Some Solved problems on zeros and poles.

Few Useful results regaring the poles and zeros in terms of quotients and product of two functions,

• Let \(f(z)=h(z)/g(z)\), where \(h\) and \(g\) are analytic in some open disk about \(z_0\), then \(f\) has a pole of order \(n\) at \(z_0\).
• Let \(f(z)=h(z)/g(z)\) and suppose \(h\) and \(g\) are analytic in some open disk about \(z_0\), with \(n>k\), then \(f\) has a pole of order \(n-k\) at \(z_0\).
• Let \(f\) has a pole of order \(m\) at \(z_0\) and let \(g\) has a pole of order \(n\) at \(z_0\). then \(fg\) has a pole of order \(m+n\) at \(z_0\)
• Given a function $f(z)$, we say that $f$ has a singularity (of a given type) at infinity if and only if $f(\frac1z)$ has a singularity (of said type) at $0$.

Here are some solved examples:

1. \(f(z)=\frac{1+4z^3}{sin^6z}\) 

Solution:

at \(z=n\pi\) denominator becomes zero. and numerator is not zero at any of these points.

so, \(f(z)\) has pole of order \(6\) at \(n\pi\)

2. \(f(z)=\frac{(z-\frac{3\pi}{2})^4}{\cos^7z} \)

Solution:

at \(\frac{3\pi}{2}\) numerator has zero of order 4. and at this point denominator has zero of order \(7\).

so, \(f(z)\) has a pole of order \(3\) at this point.
moreover, pole of order 7 at \(n\pi/2\).(other than \(3\pi/2\).)

3.  \(f(z)=\frac{1}{z^2 sin z}\) 

solution:

at \(z=0\), \(\frac{1}{z^2}\) has pole of order 2 and \(\frac{1}{\sin z}\) has a pole of order \(1\) at \(z=0\)
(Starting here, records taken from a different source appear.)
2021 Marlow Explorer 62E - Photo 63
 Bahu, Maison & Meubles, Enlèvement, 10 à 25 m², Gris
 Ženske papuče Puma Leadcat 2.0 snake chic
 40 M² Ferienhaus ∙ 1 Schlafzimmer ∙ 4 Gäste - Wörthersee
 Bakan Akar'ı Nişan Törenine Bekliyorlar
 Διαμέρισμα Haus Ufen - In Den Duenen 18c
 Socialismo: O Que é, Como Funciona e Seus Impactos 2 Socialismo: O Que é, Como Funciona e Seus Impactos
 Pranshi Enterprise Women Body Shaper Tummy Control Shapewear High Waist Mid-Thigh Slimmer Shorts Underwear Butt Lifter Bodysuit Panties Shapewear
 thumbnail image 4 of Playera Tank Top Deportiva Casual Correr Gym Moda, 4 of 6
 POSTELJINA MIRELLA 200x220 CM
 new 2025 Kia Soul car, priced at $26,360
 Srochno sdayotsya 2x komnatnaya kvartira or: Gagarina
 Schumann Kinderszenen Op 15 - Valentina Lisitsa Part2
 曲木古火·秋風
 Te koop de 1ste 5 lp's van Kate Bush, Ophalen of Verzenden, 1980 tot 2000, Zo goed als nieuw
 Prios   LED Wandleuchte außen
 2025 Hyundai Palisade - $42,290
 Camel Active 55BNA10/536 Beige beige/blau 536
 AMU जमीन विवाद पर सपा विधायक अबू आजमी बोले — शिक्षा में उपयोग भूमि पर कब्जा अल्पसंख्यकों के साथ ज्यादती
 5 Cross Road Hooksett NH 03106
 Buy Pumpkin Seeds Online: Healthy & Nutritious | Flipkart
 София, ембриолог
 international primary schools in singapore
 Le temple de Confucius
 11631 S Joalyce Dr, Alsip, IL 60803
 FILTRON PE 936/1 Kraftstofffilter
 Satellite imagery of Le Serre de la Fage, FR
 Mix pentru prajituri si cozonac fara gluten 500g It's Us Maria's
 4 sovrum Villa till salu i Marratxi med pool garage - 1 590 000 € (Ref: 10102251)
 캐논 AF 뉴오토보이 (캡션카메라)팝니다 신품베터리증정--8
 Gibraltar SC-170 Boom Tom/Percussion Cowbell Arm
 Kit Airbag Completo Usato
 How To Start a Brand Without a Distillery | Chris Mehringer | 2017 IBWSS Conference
so, \(f(z)=\frac{1}{z^2 sin z}\) has a pole of order \(3\) at \(0\).
and simple pole at \(z=n\pi\).

4. \(f(z)=z^2-\frac{1}{z^2}\) 

Solution:

\(f(z)=z^2-\frac{1}{z^2}=\frac{z^4-1}{z^2}\)

at \(z=0\), \(f(z)\) has pole of order \(2\).

at \(z=1\) \(f(z)\) has zero of order \(1\).

5. \(f(z)=\frac{1}{(z^2+a^2)^2}\).

Solution:

pole at  \(z=\pm a i\) of order \(2\).

6. \(f(z)=\frac{\sin^2 z}{z^2}\) 

Solution:

numerator:

at \(z=0\) zero of order \(2\)

Denominator:

At \(z=0\), zero of order \(2\).

So, at \(z=0\), \(f(z)\), has no singularity.

and zero of order \(2\) at \((2n+1)\pi\).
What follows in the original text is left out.